— What to do —
From the line that contains "Rumah Minimalis 4 KT LT 166m2 di Ungasan Rumah" down to the last line of the entries, please return everything exactly, except the pictures.

— Data under study —
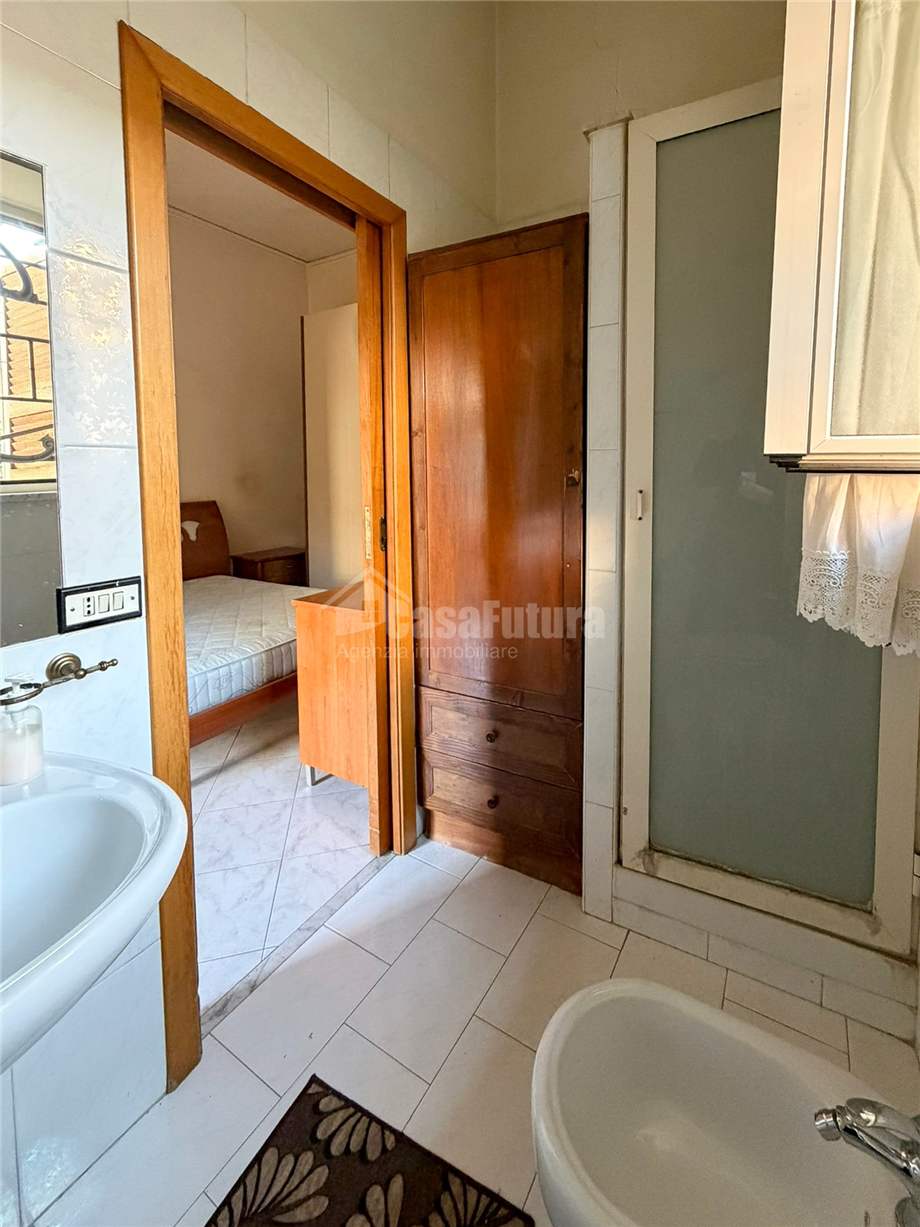 For sale Apartment Napoli Secondigliano #NAP51 n.6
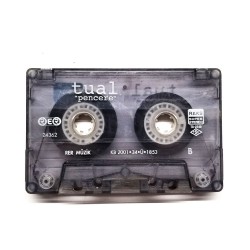 Tual : Pencere > KASET Tual : Pencere > KASET
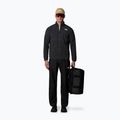 Bluza męska The North Face Glacier Heavyweight Full Zip asphalt grey/tnf black 2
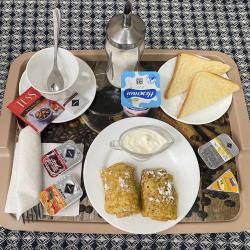 Фото Отель-А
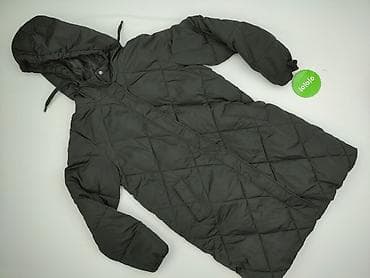 appendage bluzy: House, Kurtka zimowa damska, rozmiar L — 2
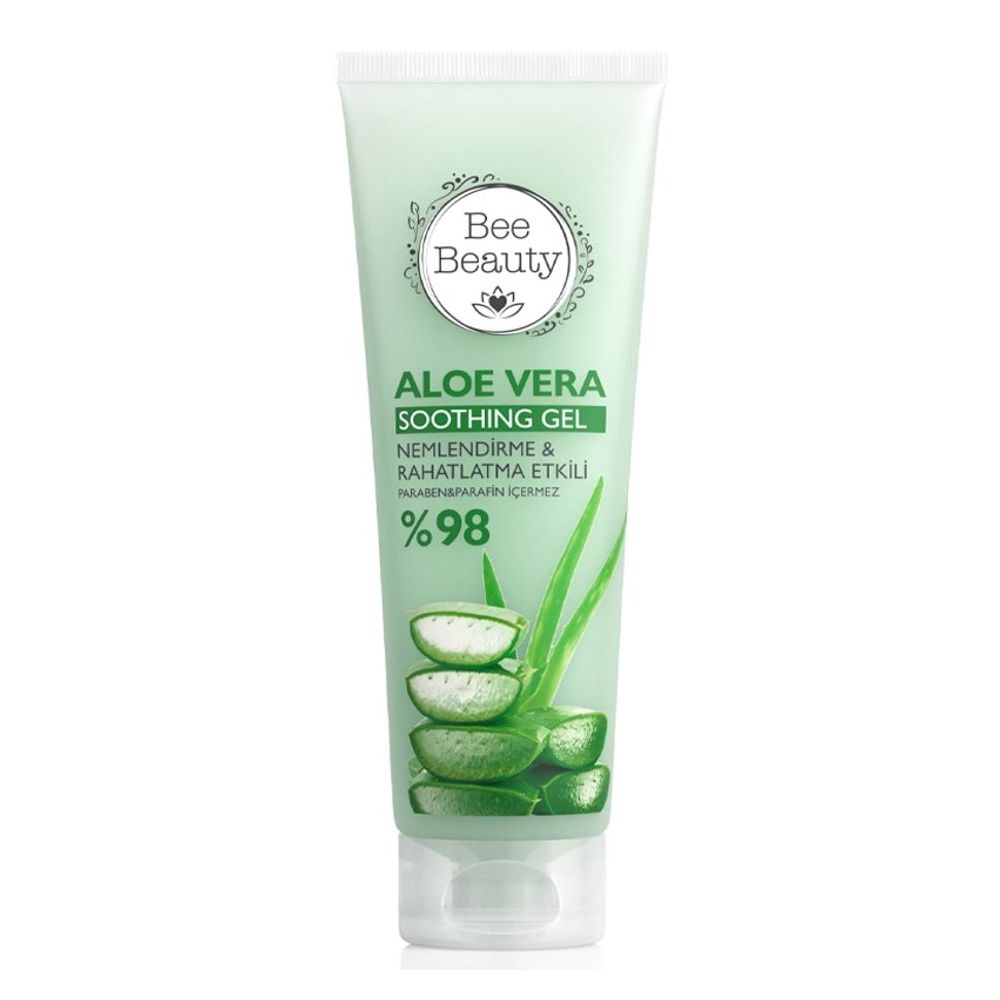 benefits of aloe vera juice for health Aloe Vera Super Juice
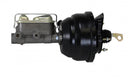 LEED BRAKES Hydraulic Kit - Power Br akes 67-70 Mustang FC0019HK
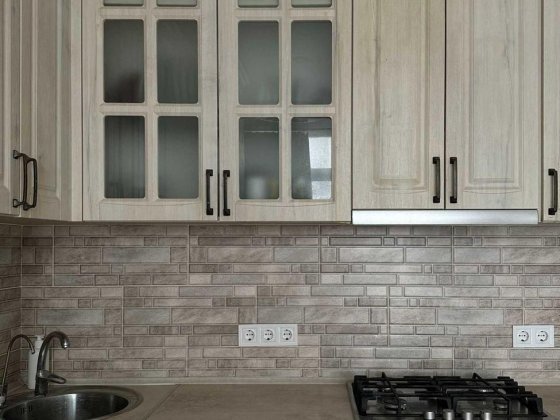 Продам 4-кімнатну дворівневу квартиру у ЖК City Lake Білогородка TP Белогородка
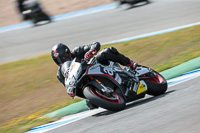 14-to-16th-november-2015;Jerez;event-digital-images;motorbikes;no-limits;peter-wileman-photography;trackday;trackday-digital-images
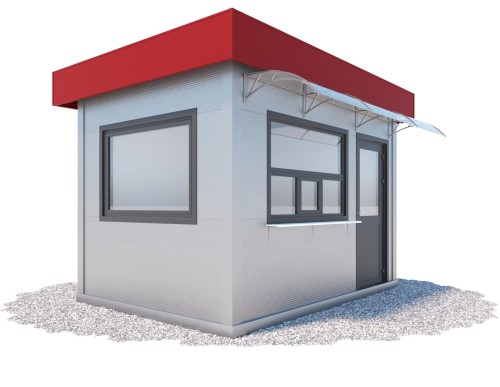 Mobilbud stróżówka wartownia kontener kasowy kiosk 250x350 - MS 18 a.jpg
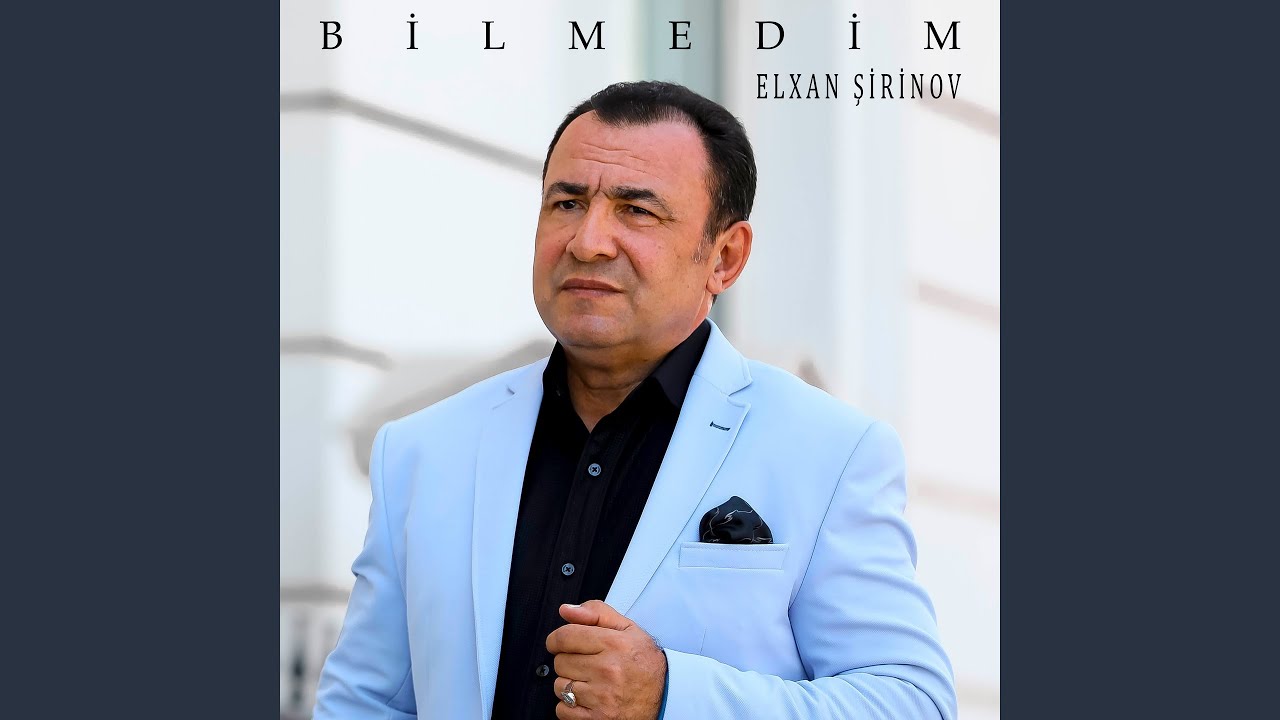 Bilmedim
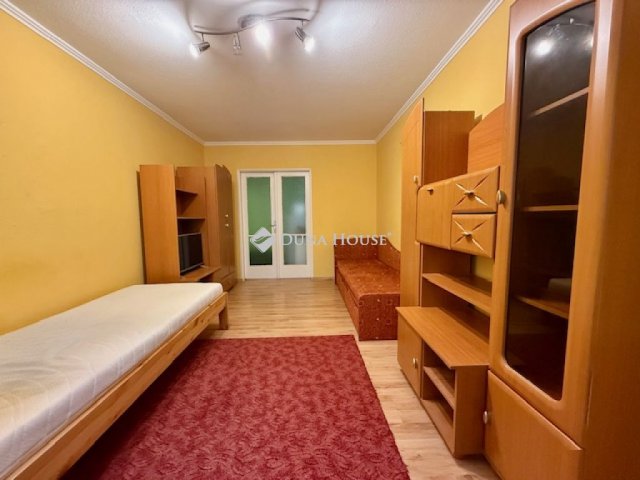 Eladó panellakás, Budapesten, XI. kerületben 69.99 M Ft, 2 szobás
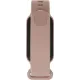 Фитнес трекер Xiaomi Smart Band 9 Active Pink M2435B1 (BHR9917GL)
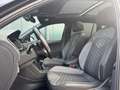 Volkswagen Tiguan 1.5 TSI R-Line Blackstyle * Panorama * Stoelverwar Negro - thumbnail 9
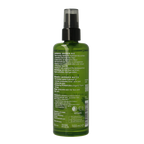 Primavera Lavender water bio 100.00 Milliliter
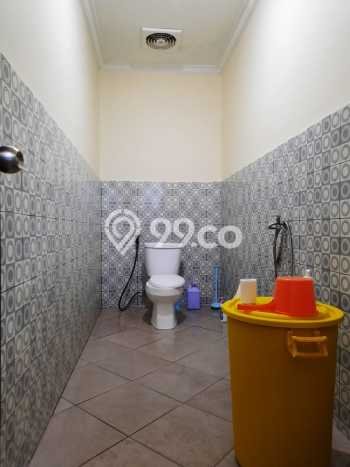 Rumah Minimalis 4 KT LT 166m2 di Ungasan Rumah Minimalis 4 KT LT 166m2 di Ungasan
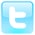 dental on twitter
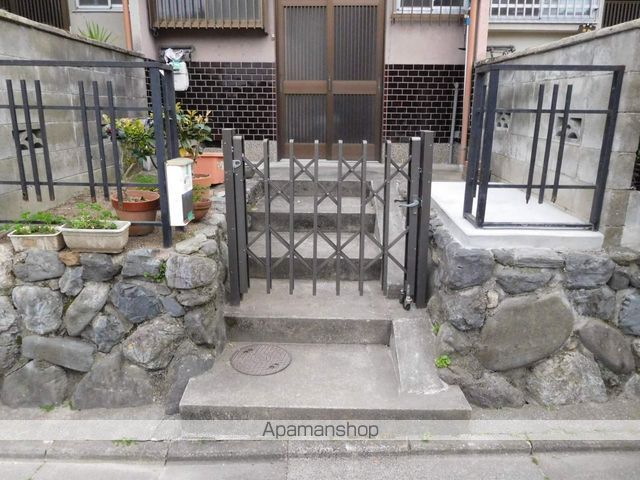 大宮一ノ井町15ー5貸家のその他写真
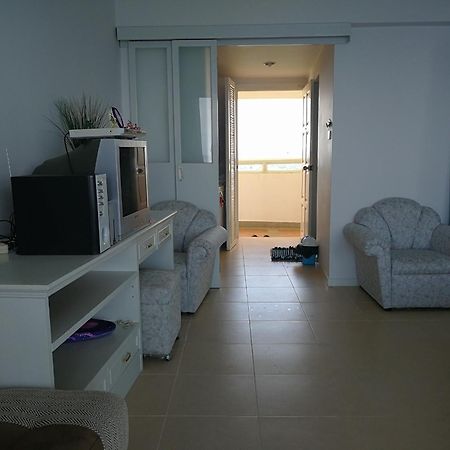 Vip Condo Rayong Ban Phe Dış mekan fotoğraf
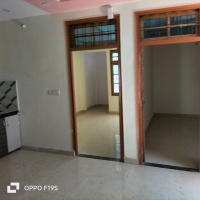 1 BHK Flat for Sale in Faizabad Road, Lucknow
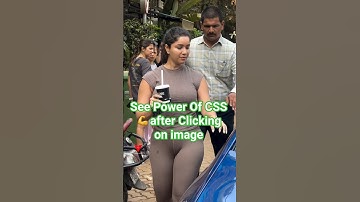 CSS Background Animations - The Ultimate Guide #html #css #javascrpt #shorts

— Answer below —
 Rumah Minimalis 4 KT LT 166m2 di Ungasan Rumah Minimalis 4 KT LT 166m2 di Ungasan
 dental on twitter
 大宮一ノ井町15ー5貸家のその他写真
 Vip Condo Rayong Ban Phe Dış mekan fotoğraf
 1 BHK Flat for Sale in Faizabad Road, Lucknow
 CSS Background Animations - The Ultimate Guide #html #css #javascrpt #shorts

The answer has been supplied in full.